What about the “near misses”? The ones who in this day of multi-fractured titles would almost surely have garnered a piece of championship pie.

Let's start with the big boys. Jerry Quarry failed in his first title try, losing a debatable decision to underrated Jimmy Ellis. In his final title shot he was out gunned by “Smokin” Joe Frazier. He would later lose a rematch to Frazier as well as two bouts to Muhammad Ali.

What if there were four titles available back then? The wins on Jerry's resume are impressive to say the least. Floyd Patterson, Thad Spencer, Buster Mathis, Jack Bodell, Larry Middleton, Mac Foster, Ron Lyle and a one round blow out of Earnie Shavers.

It would be very safe to say that Jerry was among the top four or five heavyweights of that era. Then it is also safe to assume that he would have copped at least a portion of title recognition.

It is very hard for me to believe that John Ruiz could have defeated Jerry.

At light heavyweight a strong case can be made for Yaqui Lopez who failed in title attempts against the talented trio of Victor Galindez, John Conteh and Saad Muhammad. It is likely with four titles out there he may have picked up a piece of glory.
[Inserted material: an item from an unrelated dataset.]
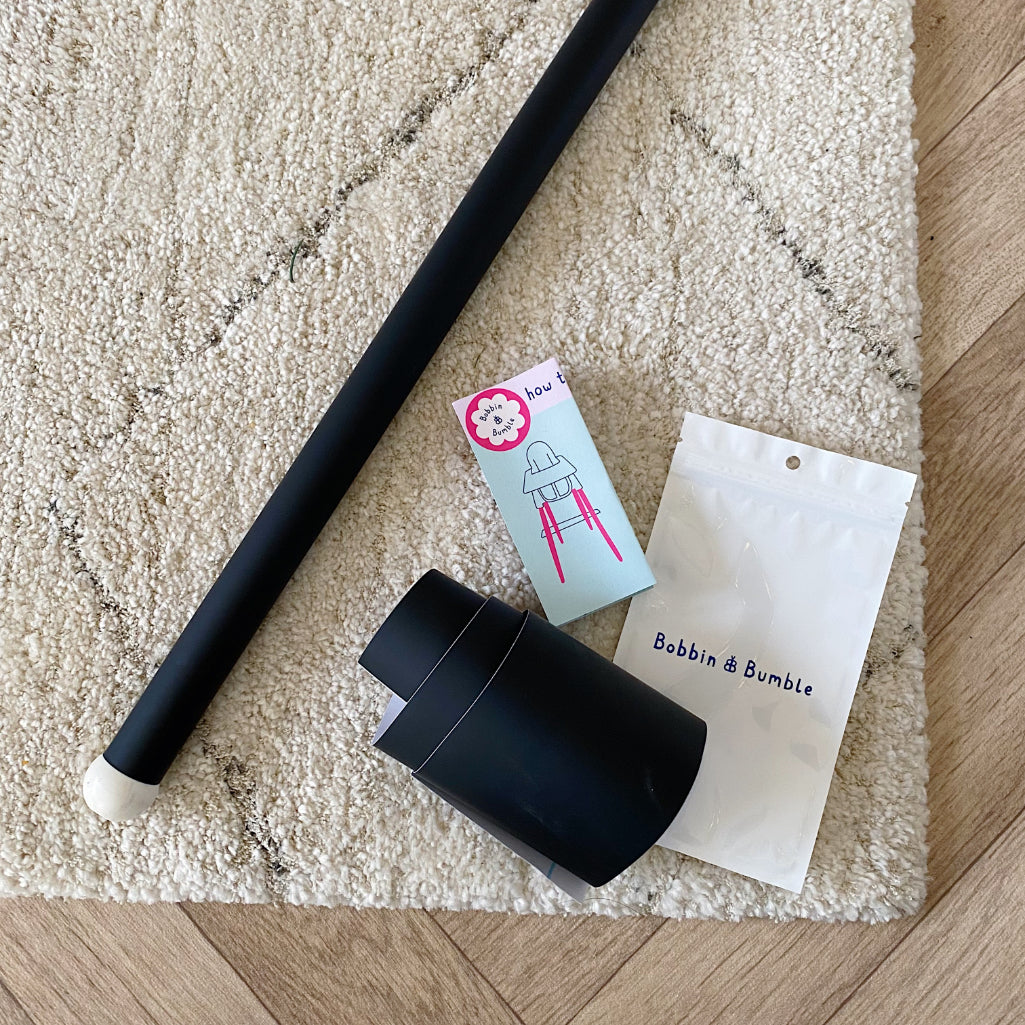 Vinyl Leg Wraps for IKEA Antilop Highchair - Matt Black | Bobbin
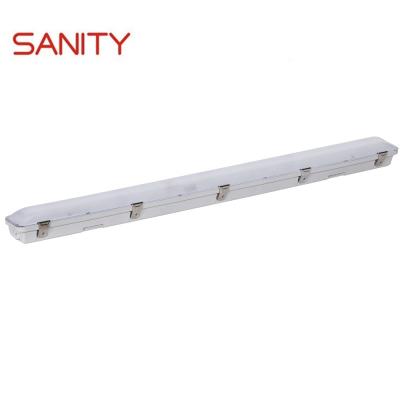 China High Quality Harsh Environment PC Base 0.6M 1.2 M Ip 65 Ip65 Batten T8 Outdoor Waterproof Tri Led Proof Light Fixture for sale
So too for Jorge Ahumada who failed against Bob Foster, Conteh and Galindez. Pierre Fourie may also have benifited if there were more recognizable titles back then.

At middleweight how could “Bad” Bennie Briscoe not have gained some form of championship status?
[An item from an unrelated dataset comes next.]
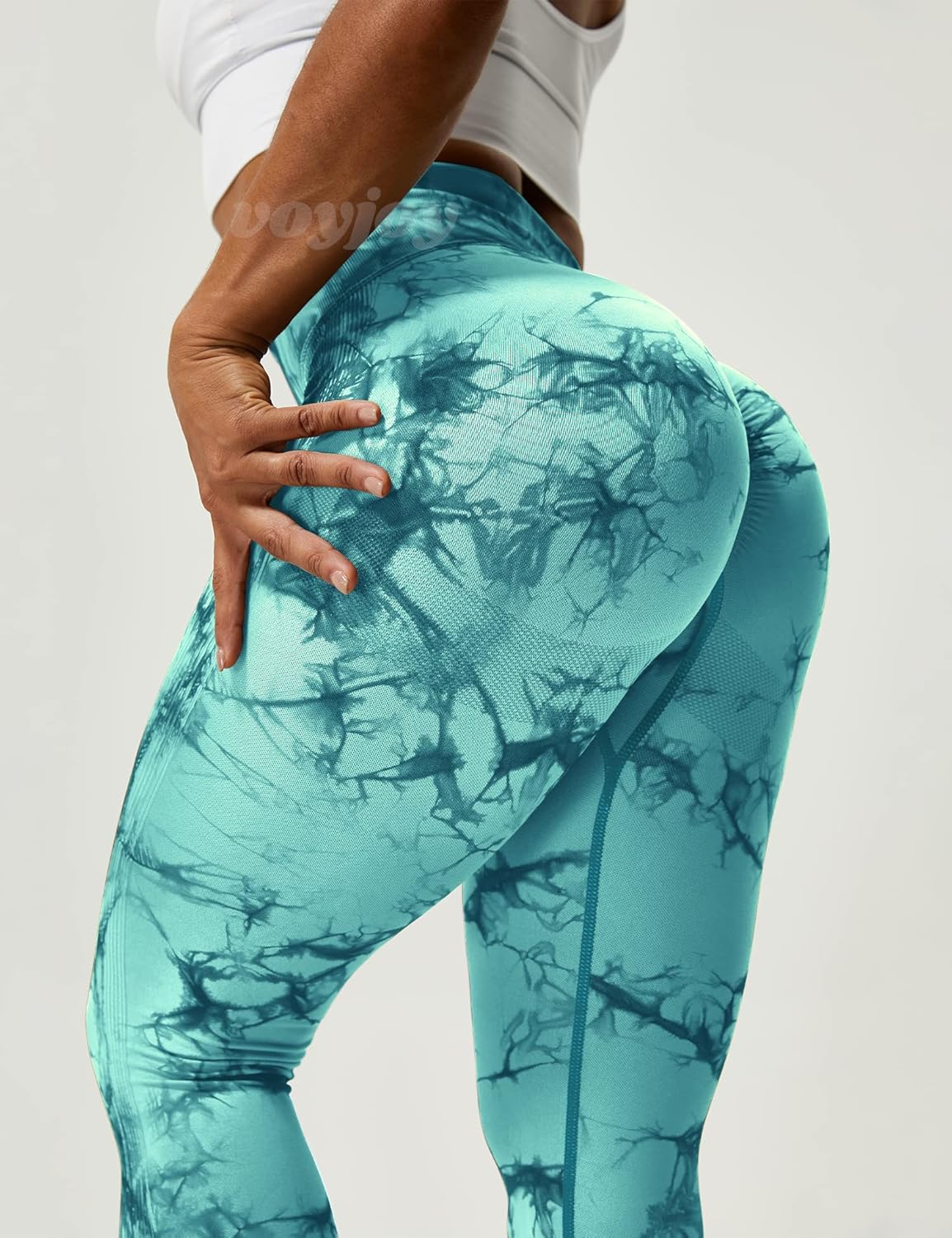 Seamless Leggings for Women High Waist Yoga Pants, Scrunch Butt Lifting Elastic Tights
At welterweight, what about hard luck Armando Muniz ? Like Briscoe he fought just about everyone worth fighting. Rugged Clyde Gray may very well have had his day in the sun if four titles had been available.

Edwin Viruet, Ray Lampkin and Vilomar Fernandez could have possibly found greater success at lightweight had more titles been up for grabs.

I'm sure many other contenders of yesteryear feel cheated when they see how today's politics have divided weight classes and championships . Some of today’s “champions” would be mere fringe contenders in years gone by.

That is why I wish things were like they used to be. When the champion WAS the champion. When they ruled their division with an iron fist like Ali, Bob Foster, Carlos Monzon, Jose Napoles and Roberto Duran ruled their respective weight classes.

When a legitimate threat rose to the forefront like Frazier, Vincente Rondon, Rodrigo Valdes, Hedgemon Lewis and Estaban DeJesus did, they were confronted and defeated by these champions who fought the best to solidify their claim as the one and only WORLD CHAMPION!